====== Input ======

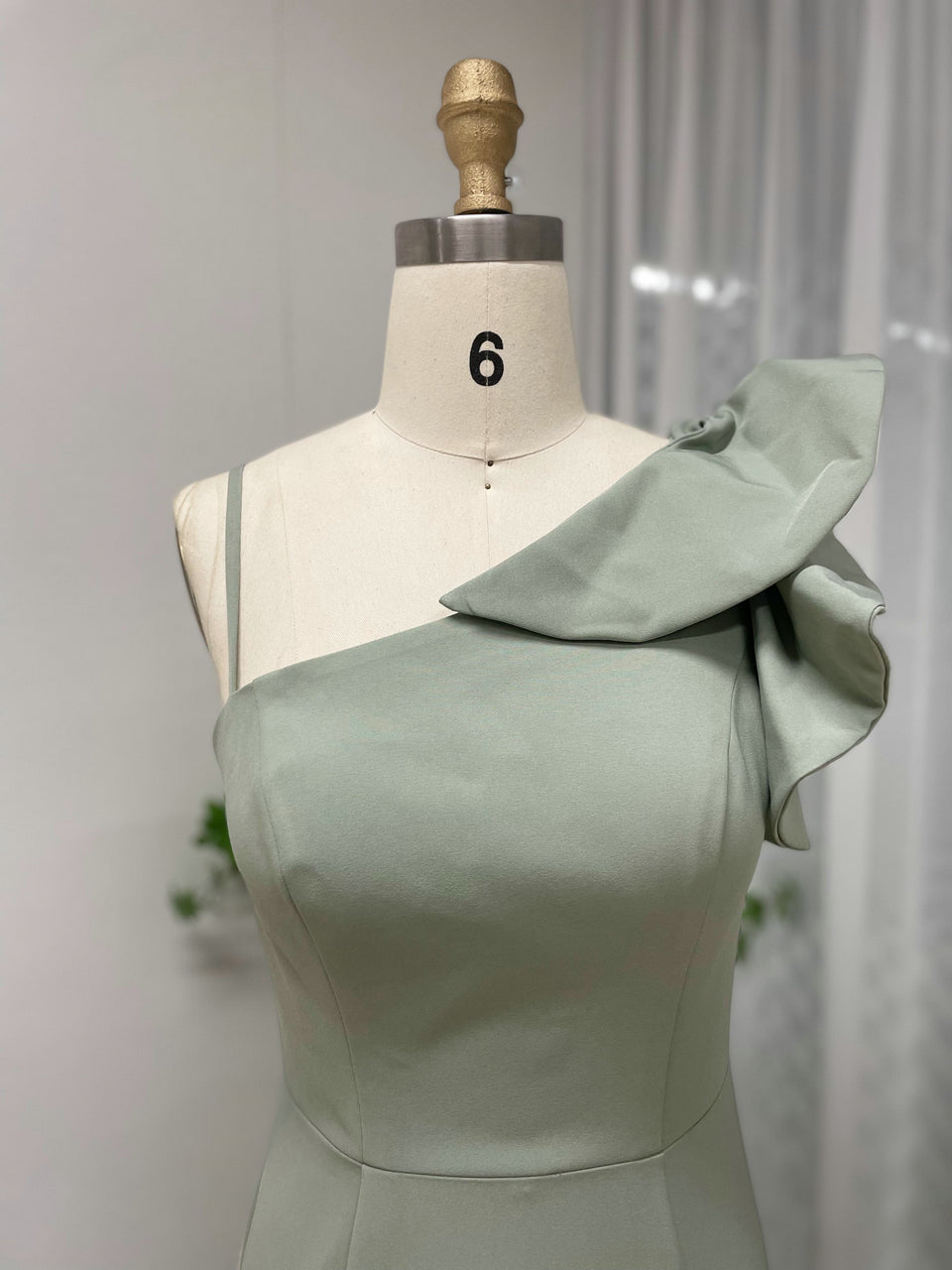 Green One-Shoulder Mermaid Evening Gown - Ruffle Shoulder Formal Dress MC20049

======
====== Input ======

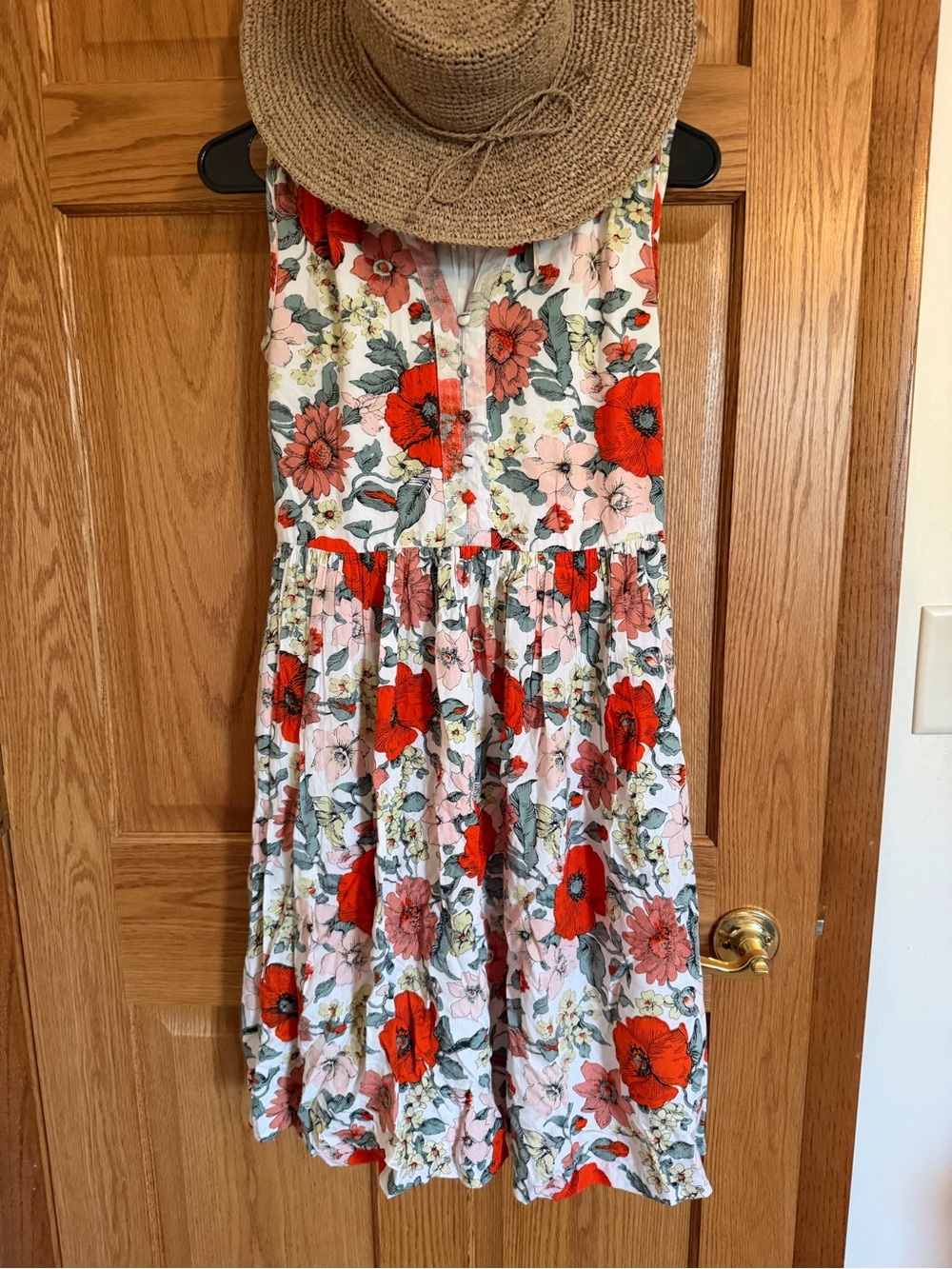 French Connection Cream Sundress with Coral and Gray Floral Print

======
====== Input ======

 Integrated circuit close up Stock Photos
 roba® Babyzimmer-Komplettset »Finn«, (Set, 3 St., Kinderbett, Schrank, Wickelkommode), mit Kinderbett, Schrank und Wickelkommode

======

== Exercise instructions ==
An exact copy of the lines above between the line holding "Integrated circuit close up Stock Photos" and the line holding "Schrank und Wickelkommode", inclusive, is the whole answer.

== Response to this exercise ==
 Integrated circuit close up Stock Photos
 roba® Babyzimmer-Komplettset »Finn«, (Set, 3 St., Kinderbett, Schrank, Wickelkommode), mit Kinderbett, Schrank und Wickelkommode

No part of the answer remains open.